╭──

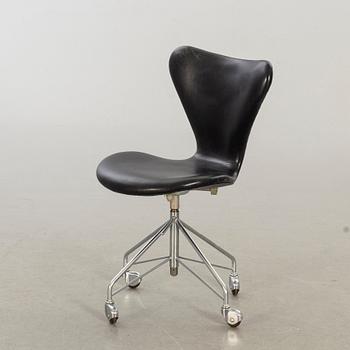 ARNE JACOBSEN, a series 7 'Sjuan' swivel chair, Fritz Hansen, Denmark.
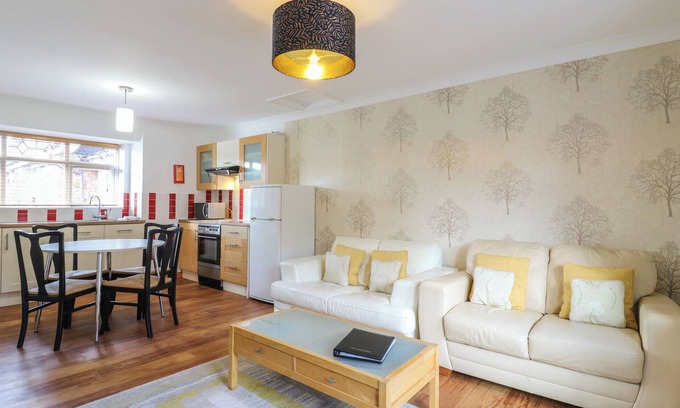 Surlingham Cottage | GARDEN COTTAGE IN NORFOLK BROADS VILLAGE, family friendly in Norwich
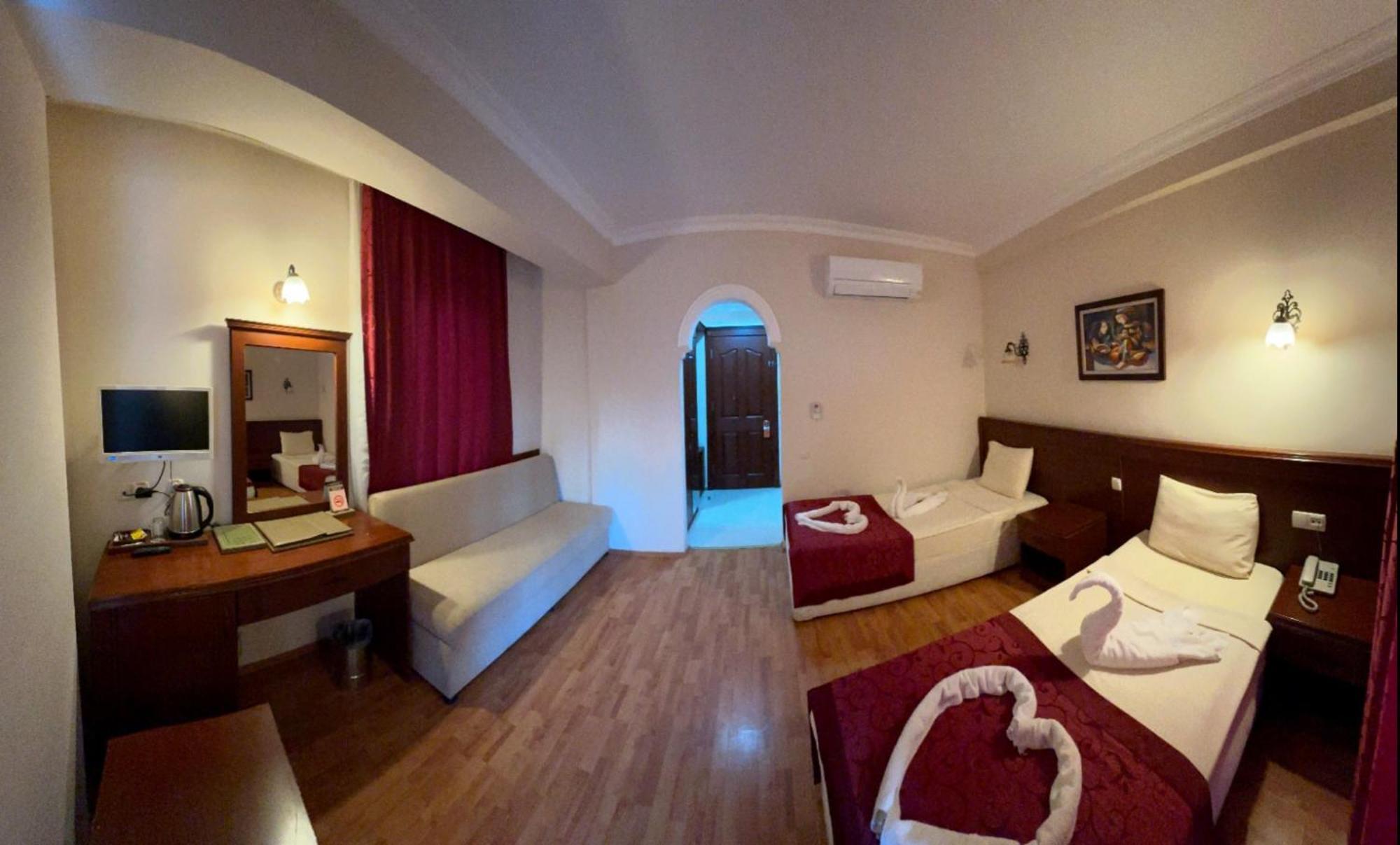 Hotel Astoria Park & 4*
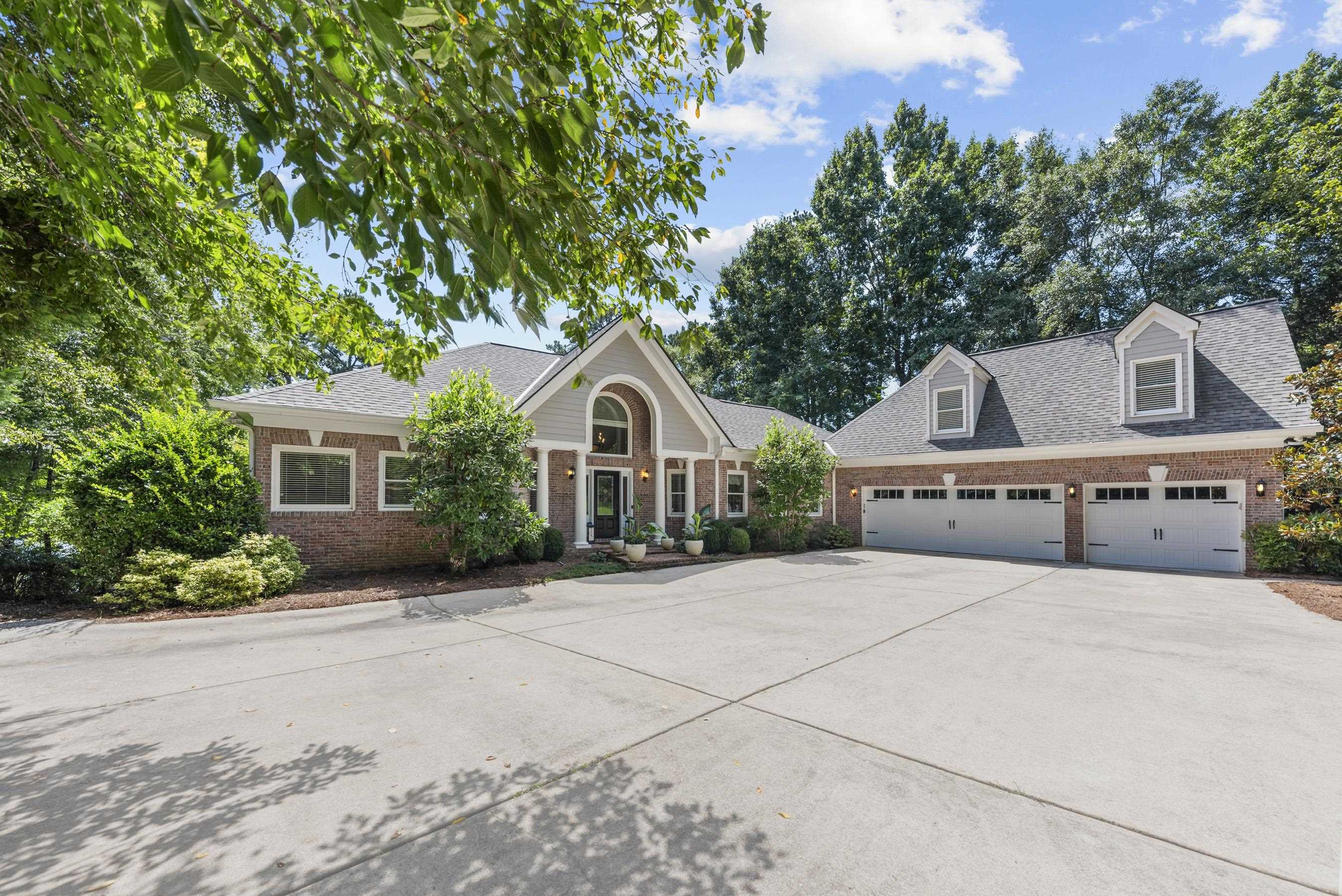 1080 SHOAL CREEK COURT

╰──

[WHAT TO WORK ON]: Return the whole listing exactly, minus its pictures.

[RESULT FOR THIS EXERCISE]:
 ARNE JACOBSEN, a series 7 'Sjuan' swivel chair, Fritz Hansen, Denmark.
 Surlingham Cottage | GARDEN COTTAGE IN NORFOLK BROADS VILLAGE, family friendly in Norwich
 Hotel Astoria Park & 4*
 1080 SHOAL CREEK COURT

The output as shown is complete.